Cómo empecé a llevar un diario y por qué ya no puedo dejarlo

Durante años pensé que llevar un diario era cosa de adolescentes o de personas con demasiado tiempo libre. Lo asociaba con cuadernos con candado y frases melodramáticas escritas a medianoche. Hoy, después de más de tres años escribiendo casi a diario, puedo decir que pocas decisiones han cambiado tanto mi forma de pensar y de vivir. No se trata de dejar constancia de lo que cené ni de presumir productividad: se trata de tener un espacio honesto donde poner en orden lo que llevo dentro.
En este texto quiero contarte cómo empecé, qué obstáculos encontré y por qué creo que esta práctica merece un lugar en cualquier vida, por ocupada que esté.
El comienzo torpe y nada épico
Mi primer intento fue un desastre. Compré un cuaderno bonito, demasiado bonito, de esos que dan miedo a estrenar. Escribí dos páginas el primer día, una el segundo, y al tercero ya lo había abandonado en un cajón. El problema no era la falta de ganas, sino la idea equivocada de que cada entrada tenía que ser profunda, bien escrita y digna de ser leída por alguien.
Lo que finalmente funcionó fue rebajar las expectativas hasta el suelo. Me propuse escribir tres líneas. Solo tres. Algunos días eran un lamento, otros una lista de cosas pendientes y otros simplemente una frase sobre el clima. Pero el acto de abrir el cuaderno se convirtió en costumbre, y la costumbre es lo único que sostiene cualquier hábito a largo plazo.
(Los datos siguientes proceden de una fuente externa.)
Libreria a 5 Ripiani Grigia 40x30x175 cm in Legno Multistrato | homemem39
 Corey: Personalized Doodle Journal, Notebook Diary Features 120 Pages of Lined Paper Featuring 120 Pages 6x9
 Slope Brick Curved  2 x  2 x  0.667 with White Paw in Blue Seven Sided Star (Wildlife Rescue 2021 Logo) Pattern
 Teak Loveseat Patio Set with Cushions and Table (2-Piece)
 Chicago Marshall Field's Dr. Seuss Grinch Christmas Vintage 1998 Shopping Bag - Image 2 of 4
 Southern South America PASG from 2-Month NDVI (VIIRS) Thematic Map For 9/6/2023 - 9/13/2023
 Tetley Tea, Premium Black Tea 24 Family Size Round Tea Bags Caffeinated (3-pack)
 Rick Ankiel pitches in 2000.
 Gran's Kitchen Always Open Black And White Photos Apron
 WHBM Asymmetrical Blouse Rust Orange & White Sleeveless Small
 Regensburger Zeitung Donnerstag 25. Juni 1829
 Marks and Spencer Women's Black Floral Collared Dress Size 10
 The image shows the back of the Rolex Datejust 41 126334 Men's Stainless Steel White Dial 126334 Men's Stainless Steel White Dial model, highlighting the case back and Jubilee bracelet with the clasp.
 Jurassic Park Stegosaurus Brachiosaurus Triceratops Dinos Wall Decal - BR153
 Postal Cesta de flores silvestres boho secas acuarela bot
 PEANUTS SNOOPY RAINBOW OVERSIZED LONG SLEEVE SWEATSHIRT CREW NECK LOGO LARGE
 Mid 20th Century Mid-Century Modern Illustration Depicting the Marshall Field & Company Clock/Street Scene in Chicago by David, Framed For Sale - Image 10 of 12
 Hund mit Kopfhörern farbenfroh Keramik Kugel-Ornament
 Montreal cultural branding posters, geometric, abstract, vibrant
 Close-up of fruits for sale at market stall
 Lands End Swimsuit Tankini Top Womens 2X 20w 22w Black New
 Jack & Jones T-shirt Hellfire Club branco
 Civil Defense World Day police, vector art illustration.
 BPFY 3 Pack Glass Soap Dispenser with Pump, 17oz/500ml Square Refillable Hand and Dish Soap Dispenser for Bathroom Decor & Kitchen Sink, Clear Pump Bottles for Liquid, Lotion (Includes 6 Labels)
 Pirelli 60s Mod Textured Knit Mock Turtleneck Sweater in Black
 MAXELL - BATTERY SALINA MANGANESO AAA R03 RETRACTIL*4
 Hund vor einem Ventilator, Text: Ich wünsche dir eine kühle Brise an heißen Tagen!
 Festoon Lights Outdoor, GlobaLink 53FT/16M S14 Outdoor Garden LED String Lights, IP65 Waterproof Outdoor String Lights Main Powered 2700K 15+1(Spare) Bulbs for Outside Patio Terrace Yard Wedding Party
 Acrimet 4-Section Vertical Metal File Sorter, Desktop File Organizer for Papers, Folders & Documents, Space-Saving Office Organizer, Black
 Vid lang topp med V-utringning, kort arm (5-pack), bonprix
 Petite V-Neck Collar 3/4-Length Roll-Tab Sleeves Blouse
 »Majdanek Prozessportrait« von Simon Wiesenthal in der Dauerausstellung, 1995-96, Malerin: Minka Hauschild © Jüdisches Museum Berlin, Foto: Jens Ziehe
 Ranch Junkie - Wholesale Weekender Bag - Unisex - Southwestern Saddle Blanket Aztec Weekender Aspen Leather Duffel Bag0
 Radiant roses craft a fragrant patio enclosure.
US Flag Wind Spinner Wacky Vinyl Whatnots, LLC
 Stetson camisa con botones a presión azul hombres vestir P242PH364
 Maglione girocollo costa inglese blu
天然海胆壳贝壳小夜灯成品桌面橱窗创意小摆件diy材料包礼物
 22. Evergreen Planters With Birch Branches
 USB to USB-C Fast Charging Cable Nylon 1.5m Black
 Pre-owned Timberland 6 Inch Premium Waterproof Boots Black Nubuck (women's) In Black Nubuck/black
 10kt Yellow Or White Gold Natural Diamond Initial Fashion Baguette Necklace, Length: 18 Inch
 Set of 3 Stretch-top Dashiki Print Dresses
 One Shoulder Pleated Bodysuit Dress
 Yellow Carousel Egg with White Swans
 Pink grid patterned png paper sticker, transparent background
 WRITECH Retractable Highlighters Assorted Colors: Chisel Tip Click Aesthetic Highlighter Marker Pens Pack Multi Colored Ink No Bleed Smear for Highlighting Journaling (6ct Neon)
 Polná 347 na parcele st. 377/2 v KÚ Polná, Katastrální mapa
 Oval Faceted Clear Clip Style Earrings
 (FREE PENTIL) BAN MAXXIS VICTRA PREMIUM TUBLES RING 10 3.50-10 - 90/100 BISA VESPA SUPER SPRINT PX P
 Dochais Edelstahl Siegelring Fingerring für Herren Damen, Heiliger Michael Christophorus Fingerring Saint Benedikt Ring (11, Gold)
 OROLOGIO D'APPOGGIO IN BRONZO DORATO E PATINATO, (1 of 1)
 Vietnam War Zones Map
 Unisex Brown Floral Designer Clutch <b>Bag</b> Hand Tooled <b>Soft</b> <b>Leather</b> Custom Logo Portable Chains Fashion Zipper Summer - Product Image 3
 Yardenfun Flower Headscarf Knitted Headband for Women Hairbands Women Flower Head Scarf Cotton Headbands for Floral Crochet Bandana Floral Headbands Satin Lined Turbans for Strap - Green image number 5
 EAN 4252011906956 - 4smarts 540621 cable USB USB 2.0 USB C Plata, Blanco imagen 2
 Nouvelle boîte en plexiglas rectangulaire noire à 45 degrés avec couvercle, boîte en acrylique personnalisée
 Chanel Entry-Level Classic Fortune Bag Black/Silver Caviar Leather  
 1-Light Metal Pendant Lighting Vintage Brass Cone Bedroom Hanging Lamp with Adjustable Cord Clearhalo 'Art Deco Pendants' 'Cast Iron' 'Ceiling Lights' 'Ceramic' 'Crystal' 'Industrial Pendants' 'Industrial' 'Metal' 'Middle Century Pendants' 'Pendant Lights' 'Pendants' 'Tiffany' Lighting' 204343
Por qué escribir cambia lo que piensas
Hay algo casi mágico en trasladar un pensamiento confuso al papel. Mientras vive solo en tu cabeza, una preocupación puede dar vueltas eternamente, alimentándose de sí misma. En cambio, al escribirla, la obligas a tener forma, principio y final. Muchas veces descubro que aquello que me angustiaba, una vez escrito, parece mucho más pequeño de lo que sentía.
El diario también funciona como un espejo del tiempo. Releer entradas de hace meses me permite ver patrones que de otro modo se me escaparían: las épocas en las que duermo mal coinciden con cierto tipo de pensamientos, las semanas en las que hago ejercicio aparecen llenas de planes y energía. Sin ese registro, mi memoria reescribiría la historia a su antojo.
Lo que aprendí sobre la constancia
Si tuviera que resumir lo aprendido en algunos principios, serían estos:
- La perfección es enemiga de la constancia. Un diario feo y honesto vale más que uno hermoso y vacío.
- No hace falta escribir todos los días. Hace falta volver siempre, aunque hayas faltado una semana.
- Escribir a mano y escribir en pantalla activan partes distintas de uno mismo. Conviene probar ambas.
- Nadie va a leerlo, y esa es justamente su mayor virtud: puedes ser completamente sincero.
Los días difíciles
Hay momentos en los que no quiero escribir, normalmente porque lo que siento es incómodo. Curiosamente, son esos los días en los que el diario más me ayuda. Forzarme a poner en palabras la frustración, el miedo o la tristeza tiene un efecto descompresor. No resuelve los problemas, pero los hace manejables. Es como vaciar una mochila demasiado cargada para revisar qué llevas dentro y decidir qué merece seguir pesando sobre tus hombros.
También he aprendido a no juzgar lo que escribo en esos momentos. El diario no es un juicio, es un desahogo. Si vuelvo a leer una entrada escrita en un mal día, lo hago con compasión, como quien mira a un amigo que lo estaba pasando mal.
Un consejo para quien quiera empezar
Si llevas tiempo pensando en hacerlo, no esperes al cuaderno perfecto ni al momento ideal. Coge cualquier papel, abre una nota en el móvil, escribe una sola frase sobre tu día de hoy. Mañana escribe otra. La práctica se construye así, ladrillo a ladrillo, sin ceremonia.
Llevar un diario no me ha convertido en mejor escritor ni en una persona más sabia, pero sí en alguien que se conoce un poco mejor y que afronta sus pensamientos con más calma. Y en un mundo que rara vez nos invita a parar y mirar hacia dentro, ese pequeño espacio de papel se ha vuelto, para mí, irrenunciable.